About this exercise –
After finding the line containing "Лоферы 39 размер." below, please output that line and each following one through the line containing "走進(jìn)社區(qū)，", exactly as written.

Exercise material –

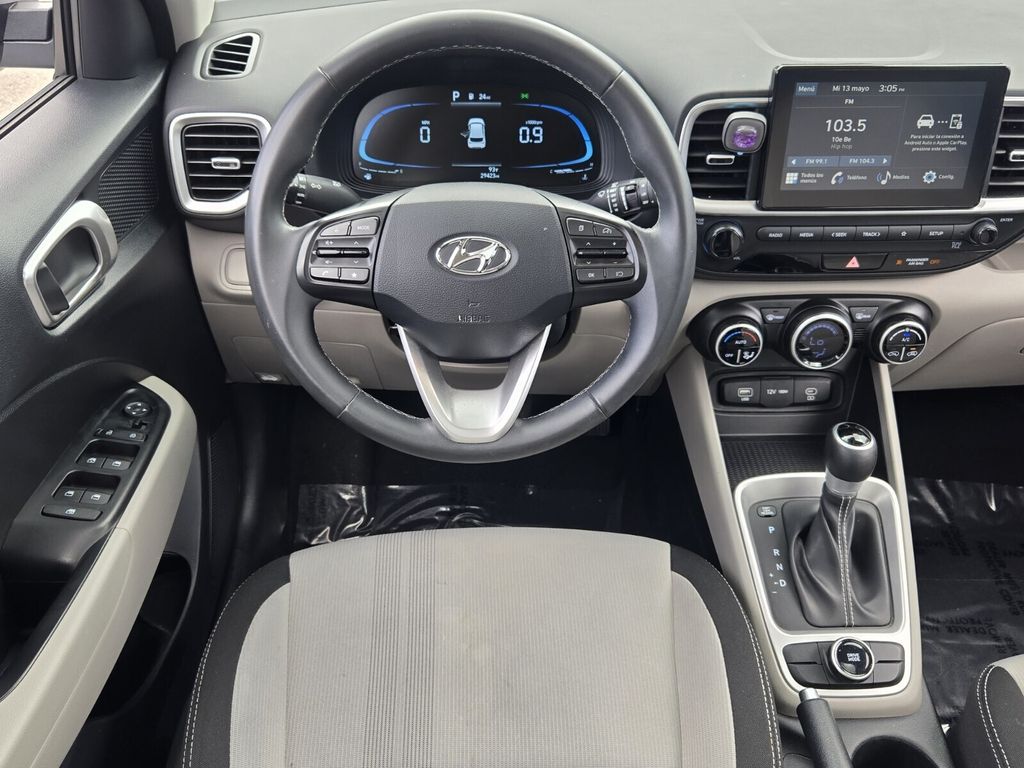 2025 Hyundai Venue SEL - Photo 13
--
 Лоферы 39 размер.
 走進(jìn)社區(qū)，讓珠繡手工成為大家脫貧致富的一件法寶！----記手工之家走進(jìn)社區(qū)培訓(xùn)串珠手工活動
---
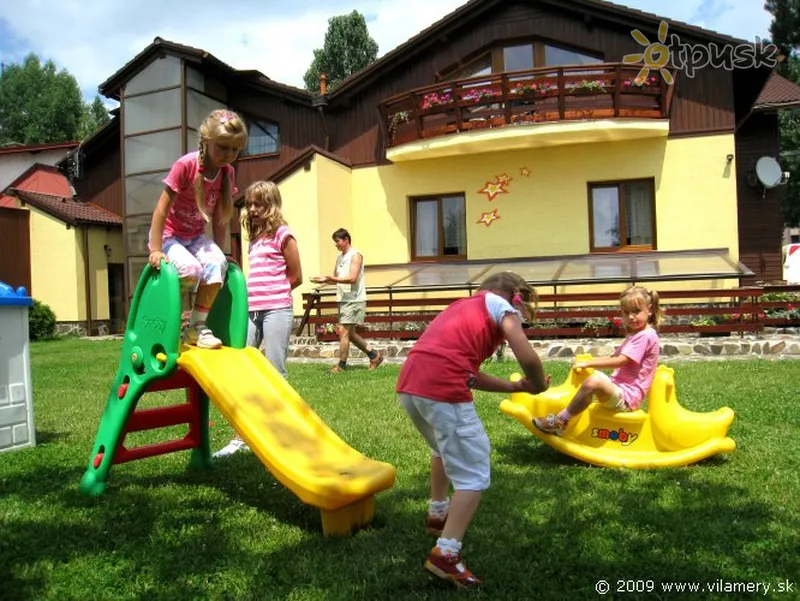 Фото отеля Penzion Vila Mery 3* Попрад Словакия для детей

Exercise response –
 Лоферы 39 размер.
 走進(jìn)社區(qū)，讓珠繡手工成為大家脫貧致富的一件法寶！----記手工之家走進(jìn)社區(qū)培訓(xùn)串珠手工活動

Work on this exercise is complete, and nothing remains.